• Your task
Below is a listing with pictures in it; transcribe exactly the lines from the one that has "Sweatshirt Ami Paris délavé - Clay" through the one that has "Newborn Bodysuit Baby Boy", and omit those pictures.

• Material to process
___
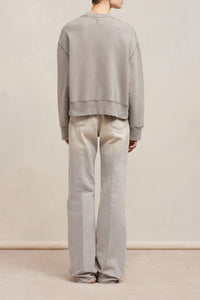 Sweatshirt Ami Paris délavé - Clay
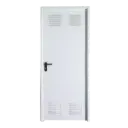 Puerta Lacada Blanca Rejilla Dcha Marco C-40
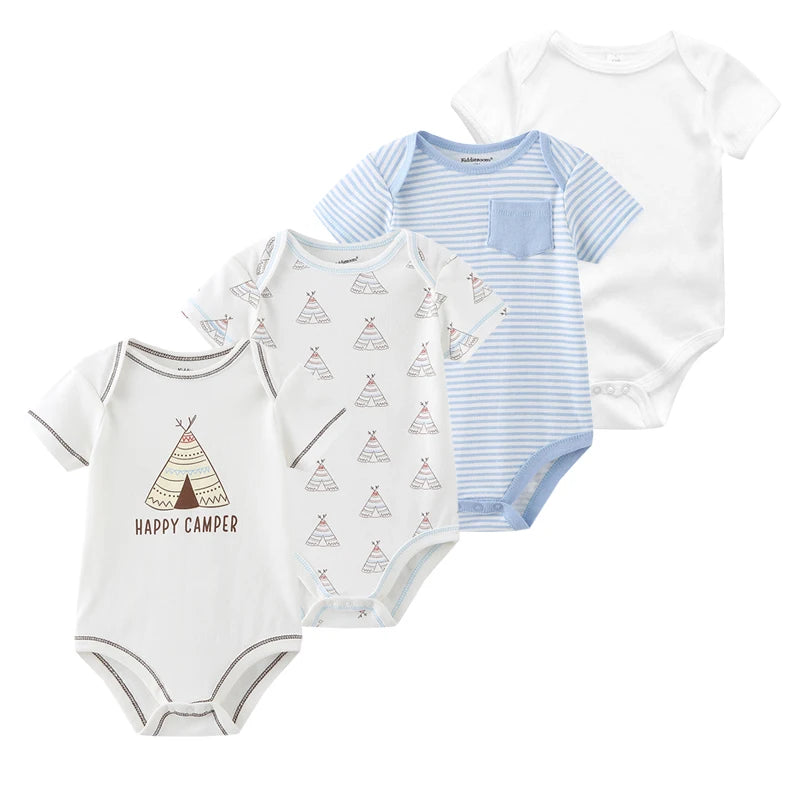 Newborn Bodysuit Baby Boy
___
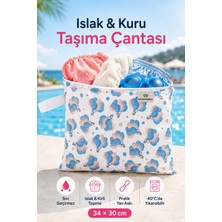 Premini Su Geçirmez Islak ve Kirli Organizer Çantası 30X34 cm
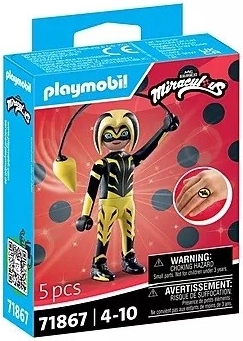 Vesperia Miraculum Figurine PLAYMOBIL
___
• Written reply
 Sweatshirt Ami Paris délavé - Clay
 Puerta Lacada Blanca Rejilla Dcha Marco C-40
 Newborn Bodysuit Baby Boy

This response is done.